- WMMR is in first place, having jumped .5 to 7.6?
That is a statistical wobble. It is hardly a "jump". 0.5 is well within the margin of error.
- WHYY is in second place(?!?!), having jumped a whopping 1.5 from (5.9 to 7.4)?!?!
January often brings big adjustments. Audience is disrupted for multiple reasons over the holidays, and the panel always has high (over 10% turnover in "Holiday" so things change.
- WDAS is in third place, having dropped 1.2 points (8.5 to 7.3)?!?!
That is still within the margin of error.
- WXTU inexplicably jumped from 2.9 to 5.3 and is now in 5th place?
Again, January brings lots of changes. Disrupted habits, new PPM panelists.
And, this year, not just the pandemic but also a lack of new PPM meters to give to new panelists, so the panel may be unbalance and undersized.
- B101.1 crashes down to earth, returning to the same share they had before Christmas music. They dropped nearly 10 points! Their cume is far less than it was in the months leading up to Christmas.
All all-Christmas stations do that. They take advantage of two months for big Christmas sales opportunities.
It's been that way with all-Christmas stations since the mid-90's.
- WOGL, meanwhile, jumps a full point from 3.5 to 4.5.
Post Christmas recovery for a format that tends to lose a lot to the market's Christmas station(s).
- WPEN nearly doubles (1.6 to 3.1). Their stream jumped from 0.7 to 1.9. (Sure, sure, sure, sure, sure.)
At those low levels, very possible.
- WPHT scores a lowly 1.3. The WPHT stream, meanwhile, scores...a matching 1.3?!?!
Also very possible. AMs are getting more streaming numbers as the quality is better and coverage much better.
- WTDY continues basically flatlining.
I don't really see how this can be right.
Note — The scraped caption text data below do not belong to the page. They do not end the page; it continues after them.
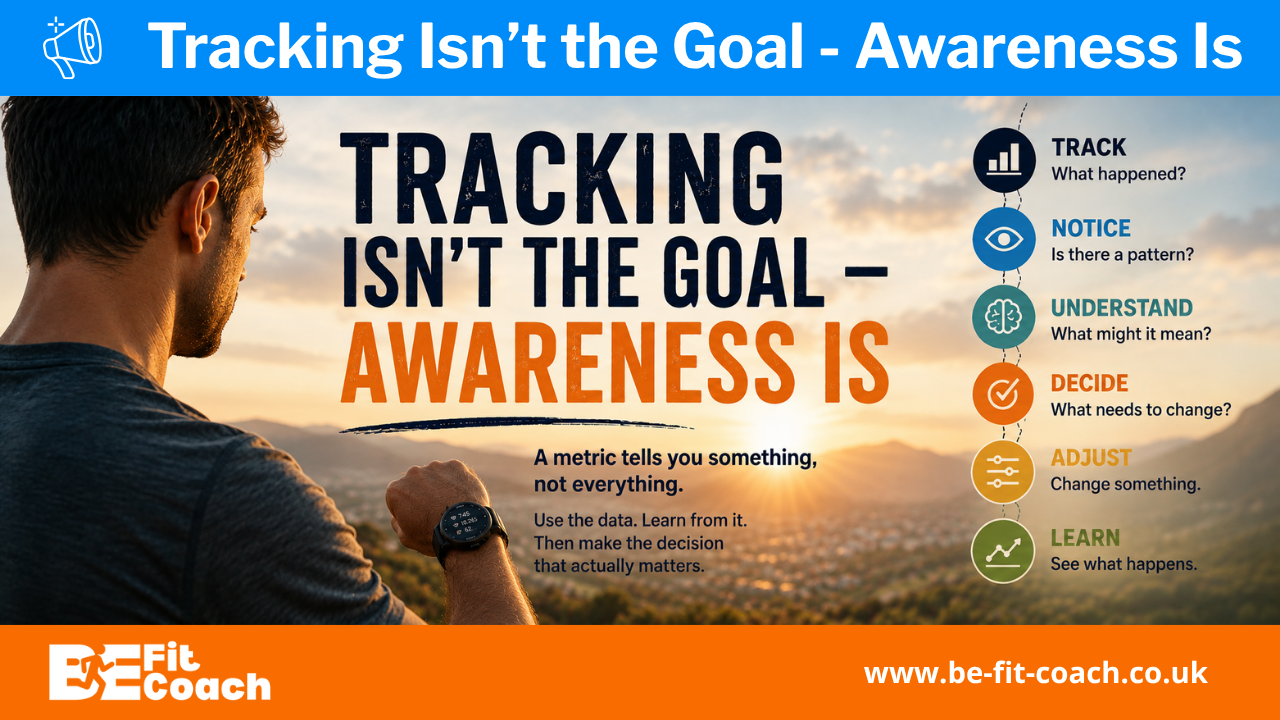 Man checking a smartwatch at sunset beside the message “Tracking Isn’t the Goal – Awareness Is” and the steps Track, Notice, Understand, Decide, Adjust and Learn.
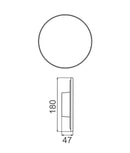 CLA SHADOWTRI: Exterior LED Tri-CCT Round Backlit Wall Lights IP65 & IK08 (Diam: 180mm)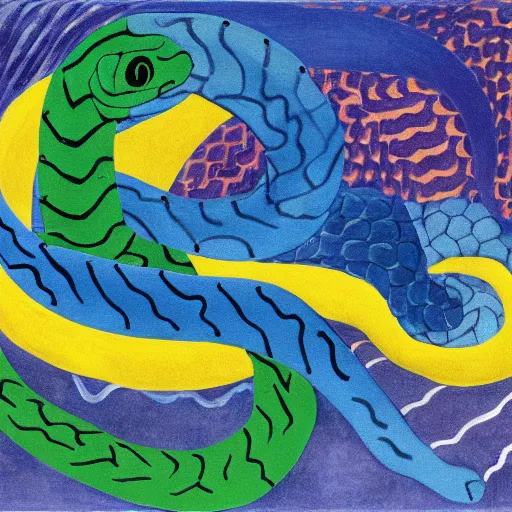 Image similar to ouroboros snake biting its own tail, tinted colours, highly detailed, award-winning painting in the style of Henri Matisse,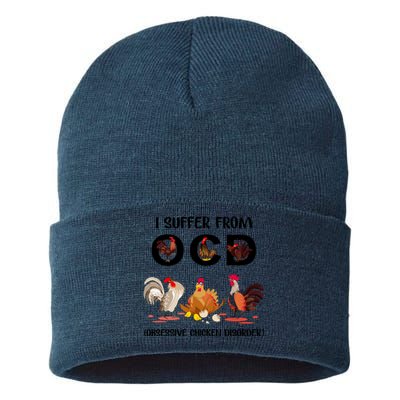 I Suffer From OCD Obsessive Chicken Disorder Sustainable Knit Beanie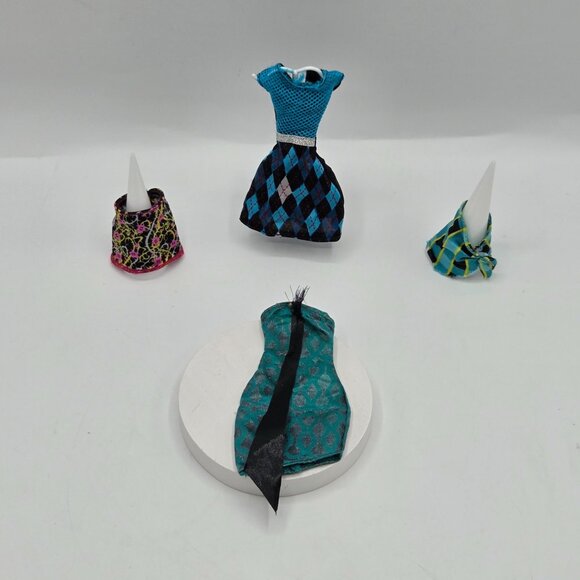 Monster High Doll Clothes Bundle: Frankie Stein Argyle Dress Nefera de Nile Boo - Picture 1 of 7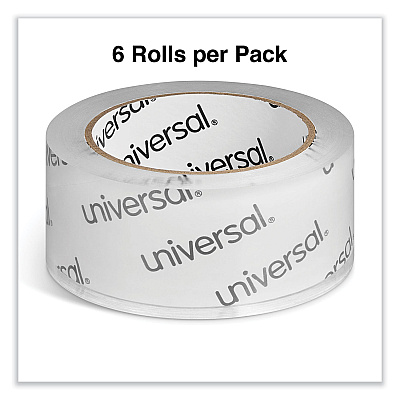 Universal Heavy-Duty Acrylic Box Sealing Tape, 3" Core, 1.88" x 54.6 yds, Clear, 6/Pack (UNV33100)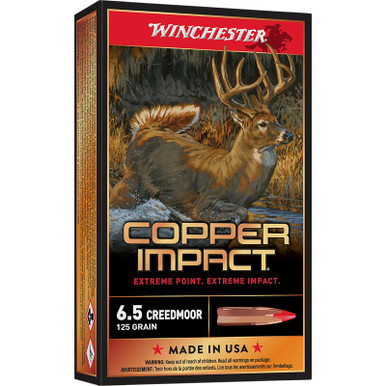Winchester Ammo X65CLF Copper Impact 6.5Creedmoor 125gr Copper Extreme Point Lead Free 20 Per Box/10 Case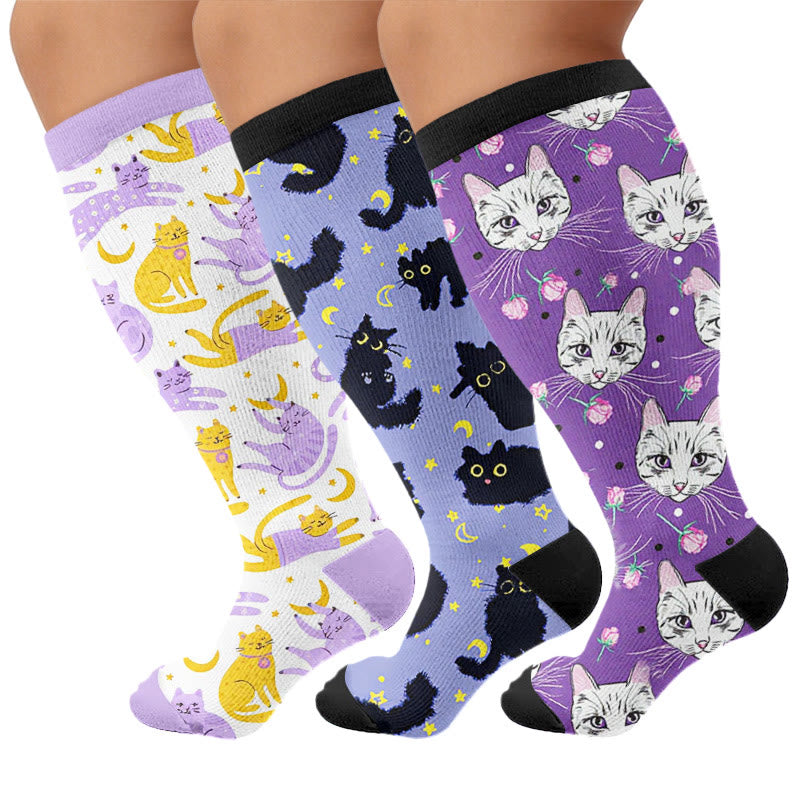 Plus Size Moonlight Cat Compression Socks - Multicolor(3 Pairs) - 4XL - image 4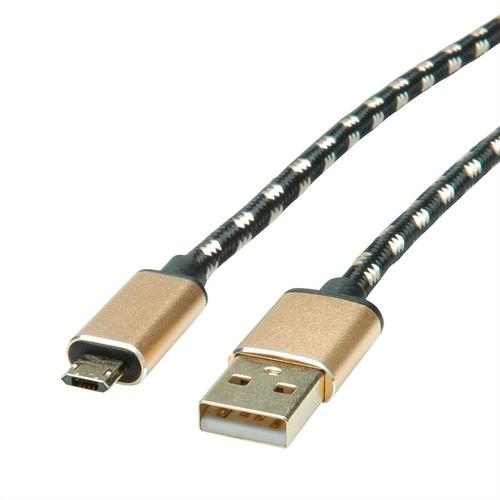 Cavo USB 2.0 ROLINE GOLD, A - MicroB, M/M rev, 1,8 m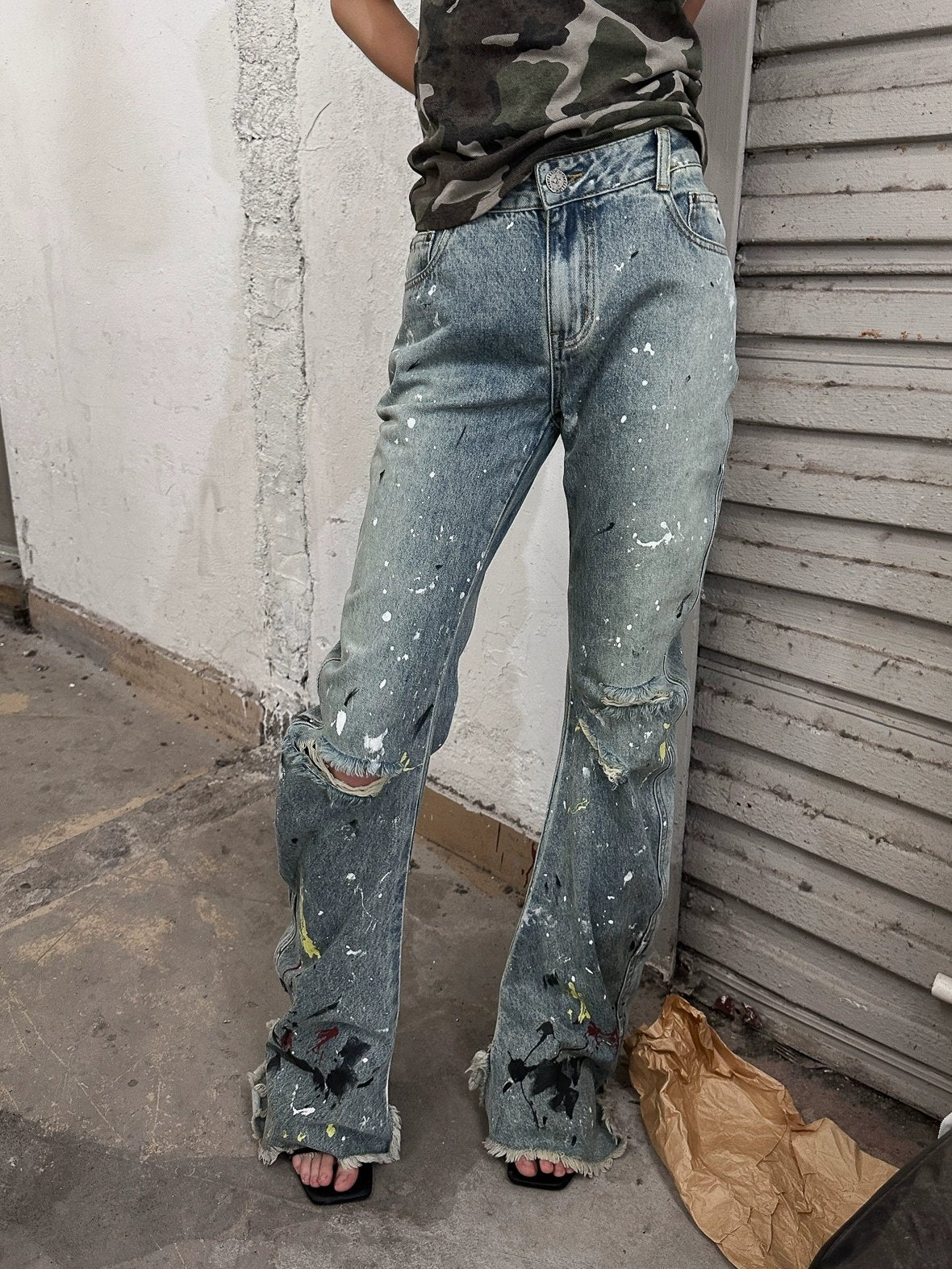 FULLTIDE Durable Cotton Stretch Denim Natural Waist Wide Leg Light Blue Zipper Pants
Since ad buyers don't use just one book, this will level out or become the new norm as America gets into new habits as the pandemic declines. Ad buyers average 4, 5, 6 or more books and exclude the Holiday and December books so right now they are averaging September, October, November and January at least...
And remember, they buy rating, not share. As an example, in NYC there are 8 stations tied for #1 in 18-34 based on rating.
Agencies don't even see those share point wobbles as they don't look at share. And they generally look at 6 AM-/PM M-F, so different data there, too.